What I remember is all the people who spoke about Prince’s religious zeal, his abiding belief that Jesus was with him. I remember watching the president of the university stand and weep. I remember Dr. Mable Jones, Prince’s mother, speaking of her son’s death as a call to move from her comfortable suburban life into activism. I heard several people ask for forgiveness for the officer who’d shot Prince Jones down. I only vaguely recall my impressions of all this. But I know that I have always felt great distance from the grieving rituals of my people, and I must have felt it powerfully then. The need to forgive the officer would not have moved me, because even then, in some inchoate form, I knew that Prince was not killed by a single officer so much as he was murdered by his country and all the fears that have marked it from birth…

At this moment the phrase “police reform” has come into vogue, and the actions of our publicly appointed guardians have attracted attention presidential and pedestrian.

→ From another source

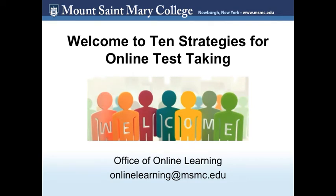Welcome to 10 strategies for online test taking. Professors may decide to give you online exams, whether you are in a fully online class or a traditional face-to-face one, and for many reasons. Online exams are convenient for students and faculty in terms of time and place. They also allow for improved accessibility for students with disabilities, less harmful environmental impacts since it is a paperless method, and in some cases instant feedback on your grades.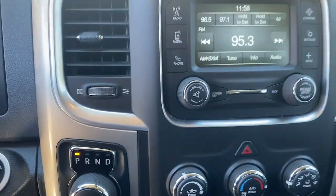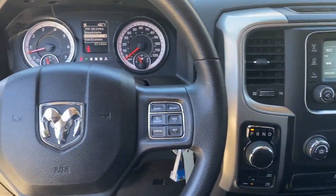Don't do the job unless you can do it right. Drive the truck that has the capability you need — the Ram 1500.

You may have heard the talk of diversity, sensitivity training, and body cameras. These are all fine and applicable, but they understate the task and allow the citizens of this country to pretend that there is real distance between their own attitudes and those of the ones appointed to protect them. The truth is that the police reflect America in all of its will and fear, and whatever we might make of this country’s criminal justice policy, it cannot be said that it was imposed by a repressive minority. The abuses that have followed from these policies–the sprawling carceral state, the random detention of black people, the torture of suspects–are the product of democratic will. And so to challenge the police is to challenge the American people who send them into the ghettos armed with the same self-generated fears that compelled the people who think they are white to flee the cities and into the Dream. The problem with the police is not that they are fascist pigs but that our country is ruled by majoritarian pigs.